You know I wish I knew how those Road Show people research the items they talk about. They'll have a vase that to us looks like a blue green vase. Then the curator will start talking and say " Oh this is a Varnicky vase from the 1840's. They were crafted in Vermont, but one series came out of Ohio. They were blown using a technique known as...". Then of course they get up to the price and at auction one sold for $7000...How did they find all this stuff out?

Just looking at these pics and not knowing the age or kind of wood. A plain old yard sale $60...and estate sale and you could ask over one hundred perhaps, I'm not sure.


----------



## jujube (Mar 13, 2016)

The only thing I have learned about antiques and collectibles is the following:

#1.  If I want to buy it, it's rare, highly-desired and expensive.

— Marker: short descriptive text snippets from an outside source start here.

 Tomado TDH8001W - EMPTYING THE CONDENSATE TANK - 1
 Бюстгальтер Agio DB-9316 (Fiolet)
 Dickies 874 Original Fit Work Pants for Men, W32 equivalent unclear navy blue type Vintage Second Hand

#2.  If I want to sell it, it's common, nobody wants one and it's worth zilch.  

If I ever learn how to turn those two around, I'll let you know....


----------



## FazeFour (Mar 13, 2016)

You shouldn't expect to get a whole lot at a yard sale, but $60 to $100 sounds reasonable to me.

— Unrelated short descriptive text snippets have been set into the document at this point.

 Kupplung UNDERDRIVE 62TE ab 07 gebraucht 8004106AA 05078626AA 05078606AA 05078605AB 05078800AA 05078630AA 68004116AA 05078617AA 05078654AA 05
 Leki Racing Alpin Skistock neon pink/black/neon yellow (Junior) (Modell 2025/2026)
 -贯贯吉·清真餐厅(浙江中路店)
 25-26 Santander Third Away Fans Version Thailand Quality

Search antique doll chair and see if you can find something comparable that has been evaluated.


----------



## Ken N Tx (Mar 14, 2016)

CLICK HERE ..for some similar..


----------



## Redd (Mar 14, 2016)

I would put $200 on it and if you see someone interested ask them to make an offer.


----------



## FazeFour (Mar 14, 2016)

debodun, is it a child's seat or a doll's chair. Judging by the size I'd call it a child's seat, which would increase the value, I'm sure.


----------



## RadishRose (Mar 14, 2016)

How is this an antique? How old is it?


----------



## debodun (Mar 16, 2016)

RadishRose said:


> How is this an antique? How old is it?



I have no idea how old it is. It was just something I inherited along with everything else in my parent's house. I had $25 on it at last year's garage sale and it didn't sell by August, so I dropped the price to $20 and still no interest.


----------



## FazeFour (Mar 16, 2016)

I'd stick to your price, debodun. Twenty-five bucks is a bargain, imo. If it doesn't sell (and if I were you), I'd nail little hangers on the back and hang it on the wall as a shelf...a few old books and a little vase or figurine, or some framed pictures?


----------



## Debby (Mar 28, 2016)

jujube said:


> The only thing I have learned about antiques and collectibles is the following:
> 
> #1.  If I want to buy it, it's rare, highly-desired and expensive.
> 
> ...




You got that right!  Never fails.


----------